死んだ「小さなトカゲ」が訴える飼い主への“望み” ブームの陰でにわかに増える病理解剖 死の原因は“飼い主の知識不足”という悲劇

AI要約

獣医病理医の中村進一氏が、人気の高まるヒョウモントカゲモドキについての印象的なエピソードを紹介。

飼い主からの死因調査依頼が増加し、脱水や腸閉塞などがよく見られる問題であることが明かされる。

痛風や腸閉塞の症状や原因について、病理解剖の結果を通じて詳細に説明。

死んだ「小さなトカゲ」が訴える飼い主への“望み” ブームの陰でにわかに増える病理解剖 死の原因は“飼い主の知識不足”という悲劇

飼っている動物が病気になったら、動物病院に連れて行きますよね。動物病院には外科、内科、眼科など、さまざまな専門領域の獣医師がいますが、獣医病理医という獣医師がいることを知っていますか? 

この記事では、獣医病理医の中村進一氏がこれまでさまざまな動物の病気や死と向き合ってきた中で、印象的だったエピソードをご紹介します。

■爆発的に人気が高まる「ある動物」

 「うちの子が亡くなった原因を調べてもらえますか?」

 ここ数年、飼い主さんからの直接、または動物病院を経由した「ある動物」の病理解剖の依頼がにわかに増えています。

 「ある動物」というのは、黄色やオレンジ色などの地にヒョウ柄模様が載った体色をした小型のトカゲ――ではなく、厳密にはヤモリの仲間で、ヒョウモントカゲモドキといいます。人気の女優さんが熱心に飼育していたというエピソードが報じられたこともあってか、近年ペットとして爆発的に人気が高まっている爬虫類です。

【写真】真っ黒、オレンジ、ピンク……。さまざまな品種(モルフ)が特徴のヒョウモントカゲモドキ。大人しく写真撮影に応じていたのが印象的(43枚)

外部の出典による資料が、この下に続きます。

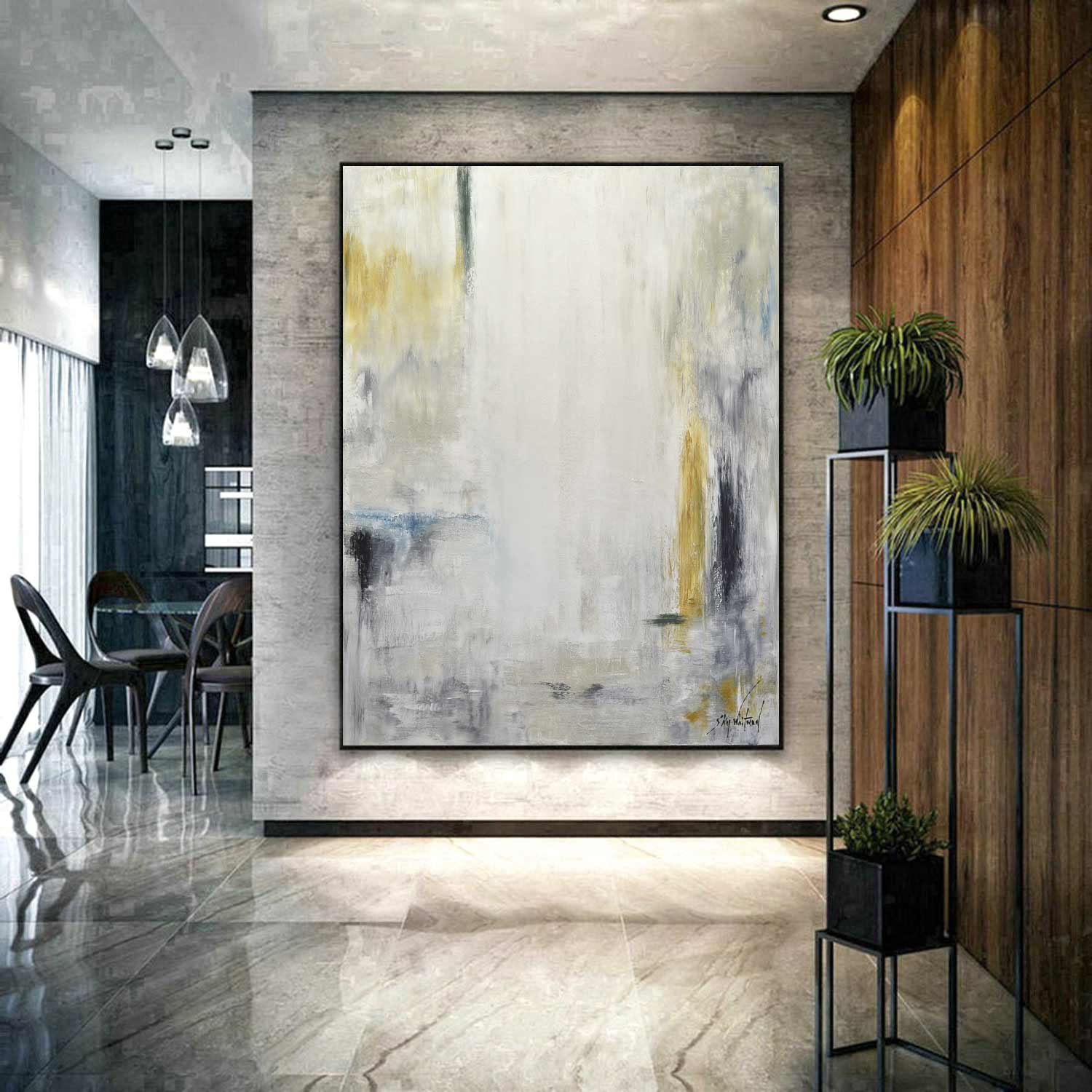 Contemporary Hand Painted Abstract Painting "True Hints"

 新型コロナ禍の巣ごもりの時期にSNSや動画配信サービスなどを介して多くの人に存在が知られ、それと同時に、獣医病理医であるぼくのところに、その遺体が持ち込まれることも増えました。

 「可愛がっていたのに、なぜ死んでしまったのかわからない。原因を知りたい」と悩む飼い主が大勢いらっしゃるのですね。いわゆる「爬虫類女子」というのでしょうか、深い愛情を注いでいたという女性から特に多く依頼をいただきます。

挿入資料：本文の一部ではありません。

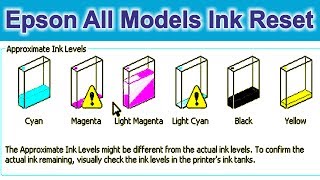 Epson l800 Ink Reset Error Red Light Blinking in Hindi Video [upl. by Medea]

 ヒョウモントカゲモドキの死因で多いのは、温度や湿度が適切でないことや、うまく水を飲めないことなどによる脱水で起きた腎不全や痛風、それと、ケージに敷いた土などの異物を飲み込むことで起こる腸閉塞です。

 痛風では、遺体を病理解剖すると腎臓が腫れて大きくなっていたり、内臓の表面に白い尿酸塩の結晶を見たり、関節が腫れていたりするのを見て取ることができます。腸閉塞は、異物で腸がパンパンに膨らんでいたり、壊死(えし)を起こして赤くなった腸内に、異物が詰まったりしている様子が観察できます。